■ Crawled caption data:
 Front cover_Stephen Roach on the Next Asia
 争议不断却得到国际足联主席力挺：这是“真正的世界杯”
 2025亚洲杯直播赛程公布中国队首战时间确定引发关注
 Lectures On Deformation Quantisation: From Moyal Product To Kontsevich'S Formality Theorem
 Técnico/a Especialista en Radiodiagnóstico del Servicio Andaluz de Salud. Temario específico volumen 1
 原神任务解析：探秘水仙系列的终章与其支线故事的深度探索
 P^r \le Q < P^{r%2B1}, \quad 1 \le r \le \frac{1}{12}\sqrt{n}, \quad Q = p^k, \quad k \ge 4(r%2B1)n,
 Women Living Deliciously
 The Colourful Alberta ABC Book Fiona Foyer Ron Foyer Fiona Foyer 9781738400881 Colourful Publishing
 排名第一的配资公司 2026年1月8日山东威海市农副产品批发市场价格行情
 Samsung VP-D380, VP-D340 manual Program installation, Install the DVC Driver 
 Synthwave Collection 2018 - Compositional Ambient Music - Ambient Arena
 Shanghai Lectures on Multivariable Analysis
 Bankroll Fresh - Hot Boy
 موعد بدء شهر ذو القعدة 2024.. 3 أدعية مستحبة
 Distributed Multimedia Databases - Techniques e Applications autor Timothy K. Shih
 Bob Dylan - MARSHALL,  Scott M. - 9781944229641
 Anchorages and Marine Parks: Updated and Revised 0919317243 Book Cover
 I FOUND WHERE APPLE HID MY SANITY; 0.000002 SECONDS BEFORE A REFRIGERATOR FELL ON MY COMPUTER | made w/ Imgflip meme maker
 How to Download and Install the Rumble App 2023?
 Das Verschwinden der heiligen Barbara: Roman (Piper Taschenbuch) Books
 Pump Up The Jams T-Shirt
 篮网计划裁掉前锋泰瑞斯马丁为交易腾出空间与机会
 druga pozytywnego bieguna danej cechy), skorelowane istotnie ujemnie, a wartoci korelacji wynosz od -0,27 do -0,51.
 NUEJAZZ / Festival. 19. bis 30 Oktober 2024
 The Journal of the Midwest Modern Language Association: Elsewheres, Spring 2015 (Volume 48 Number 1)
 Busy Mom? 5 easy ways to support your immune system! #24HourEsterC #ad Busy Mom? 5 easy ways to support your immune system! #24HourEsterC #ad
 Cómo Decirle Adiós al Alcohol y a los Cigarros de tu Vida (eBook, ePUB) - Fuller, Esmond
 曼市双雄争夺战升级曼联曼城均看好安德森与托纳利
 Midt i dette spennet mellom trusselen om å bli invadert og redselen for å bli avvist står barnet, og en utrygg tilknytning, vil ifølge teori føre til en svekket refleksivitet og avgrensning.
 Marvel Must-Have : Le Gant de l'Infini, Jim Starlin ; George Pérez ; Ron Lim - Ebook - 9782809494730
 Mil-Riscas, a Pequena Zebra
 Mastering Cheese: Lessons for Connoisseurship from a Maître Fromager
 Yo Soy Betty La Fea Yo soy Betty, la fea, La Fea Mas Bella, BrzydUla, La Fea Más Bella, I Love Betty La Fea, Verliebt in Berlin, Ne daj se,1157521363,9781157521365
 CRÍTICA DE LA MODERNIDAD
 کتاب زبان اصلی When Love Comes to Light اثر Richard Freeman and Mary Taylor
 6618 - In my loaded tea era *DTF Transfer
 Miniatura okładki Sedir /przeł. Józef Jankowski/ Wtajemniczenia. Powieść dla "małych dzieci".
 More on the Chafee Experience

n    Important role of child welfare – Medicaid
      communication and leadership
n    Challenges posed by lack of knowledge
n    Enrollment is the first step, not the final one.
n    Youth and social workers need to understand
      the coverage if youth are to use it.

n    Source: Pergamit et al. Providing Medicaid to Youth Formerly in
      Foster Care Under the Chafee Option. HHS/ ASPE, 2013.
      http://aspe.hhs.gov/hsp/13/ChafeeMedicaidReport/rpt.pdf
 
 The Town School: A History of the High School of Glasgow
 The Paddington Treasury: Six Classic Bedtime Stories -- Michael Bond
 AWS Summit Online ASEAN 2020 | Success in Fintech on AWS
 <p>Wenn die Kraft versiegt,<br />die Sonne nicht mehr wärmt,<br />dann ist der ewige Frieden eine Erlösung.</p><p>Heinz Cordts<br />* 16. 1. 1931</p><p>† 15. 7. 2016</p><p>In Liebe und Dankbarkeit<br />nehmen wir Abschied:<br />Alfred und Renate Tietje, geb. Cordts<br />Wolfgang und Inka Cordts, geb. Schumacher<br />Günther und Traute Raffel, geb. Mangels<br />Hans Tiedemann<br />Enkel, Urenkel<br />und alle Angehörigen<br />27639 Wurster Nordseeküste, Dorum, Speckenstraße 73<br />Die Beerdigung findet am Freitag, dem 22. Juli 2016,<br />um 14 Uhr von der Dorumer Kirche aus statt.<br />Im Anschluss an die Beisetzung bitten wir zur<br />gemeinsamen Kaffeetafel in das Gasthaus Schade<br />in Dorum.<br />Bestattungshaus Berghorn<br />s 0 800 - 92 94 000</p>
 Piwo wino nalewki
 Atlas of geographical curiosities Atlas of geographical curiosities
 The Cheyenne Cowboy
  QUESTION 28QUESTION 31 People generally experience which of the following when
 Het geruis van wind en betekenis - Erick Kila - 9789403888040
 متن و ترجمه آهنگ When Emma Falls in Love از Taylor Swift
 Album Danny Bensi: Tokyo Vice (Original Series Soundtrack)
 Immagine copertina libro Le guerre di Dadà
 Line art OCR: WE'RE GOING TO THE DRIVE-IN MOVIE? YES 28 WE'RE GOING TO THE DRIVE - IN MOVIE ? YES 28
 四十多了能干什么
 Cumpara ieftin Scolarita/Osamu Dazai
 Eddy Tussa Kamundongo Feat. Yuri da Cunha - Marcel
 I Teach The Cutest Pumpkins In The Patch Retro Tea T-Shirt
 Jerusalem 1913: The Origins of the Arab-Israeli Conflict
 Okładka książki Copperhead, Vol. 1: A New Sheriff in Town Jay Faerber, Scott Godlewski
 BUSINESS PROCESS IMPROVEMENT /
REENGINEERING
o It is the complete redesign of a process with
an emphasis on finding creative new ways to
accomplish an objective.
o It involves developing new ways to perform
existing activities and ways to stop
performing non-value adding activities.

■ Problem description:
All the lines that hold the word "Scott" must appear in the answer, copied from the records.

■ Exercise result:
 Bob Dylan - MARSHALL,  Scott M. - 9781944229641
 Okładka książki Copperhead, Vol. 1: A New Sheriff in Town Jay Faerber, Scott Godlewski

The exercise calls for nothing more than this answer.